Invité dans le cadre de l’école d’automne de l’Institut thématique interdisciplinaire Littératures, éthique et arts (Iti Lethica) consacrée aux enjeux éthiques et esthétiques de l’Intelligence artificielle (IA), Martin Gibert, chercheur au Centre de recherche en éthique et à l’Institut de valorisation des données (IVADO) de l’Université de Montréal, ouvre l’évènement avec une conférence sur l'hypothèse des robots vertueux.

Formé en philosophie et en psychologie morale, Martin Gibert prend un poste en éthique de l’IA en 2017. L’éthique appliquée à l’IA c’est répondre à la question : quelle est la bonne chose à faire avec un système d’IA ? Avec les systèmes basés sur l’apprentissage automatique, tout l’enjeu est de débiaiser les algorithmes pour ne pas retrouver les problématiques du monde qui nous entoure, racisme, sexisme… dans les machines. Nous avons des théories morales, la question pour l’éthique de l’IA est d’essayer de les transposer en code informatique.

L’éthique de la vertu

Pour lancer l’école d’automne de l’Iti Lethica le mercredi 28 septembre, Martin Gibert choisit de parler des robots vertueux. Il prend l’exemple des voitures autonomes. Comment les programmer et selon quels principes moraux pour résoudre un dilemme : choisir entre épargner un enfant ou un vieillard ?, raconte le chercheur qui précise que pour un humain ce serait plus une question de réflexe.

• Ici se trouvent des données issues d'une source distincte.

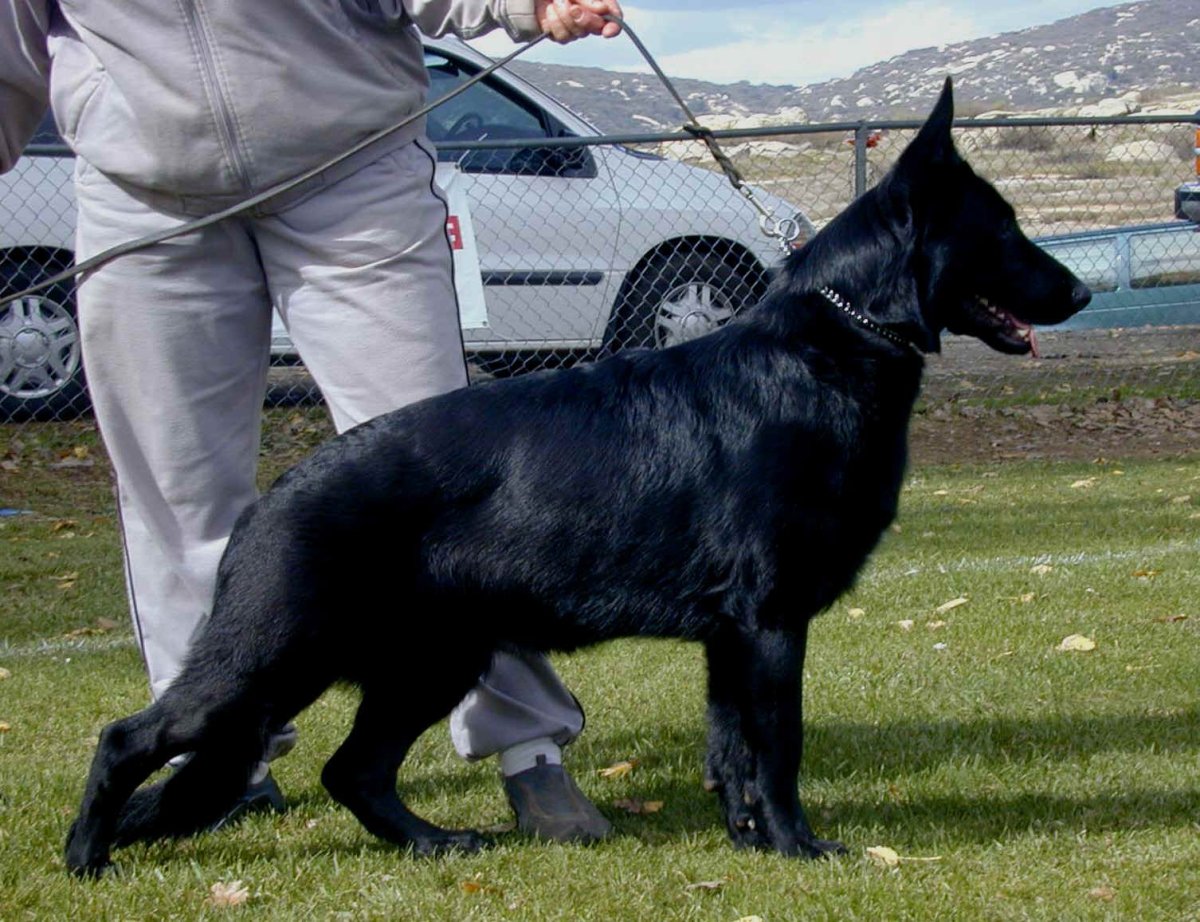 Чёрные и фиолетовые животные на ниметском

Les robots sauveraient dans 50% des cas les enfants

En Allemagne, la question a été évoquée et il s’agirait pour l’IA d’effectuer un tirage au sort. Martin Gibert propose une autre option : l’éthique de la vertu. Programmer l’IA pour qu’elle agisse comme une personne vertueuse, c’est-à-dire de manière juste, honnête ou courageuse. L’idée serait de choisir un panel de personnes considérées comme vertueuses et de s’inspirer de leurs choix. Par exemple, si 50% sauvent l’enfant, 20% le vieillard et 30% choisissent le tirage au sort, les robots sauveraient dans 50% des cas les enfants, etc.

Dans le cadre du master Cultures littéraires européennes, Martin Gibert propose trois autres conférences :

YouTube devrait-il faire des recommandations pour le climat?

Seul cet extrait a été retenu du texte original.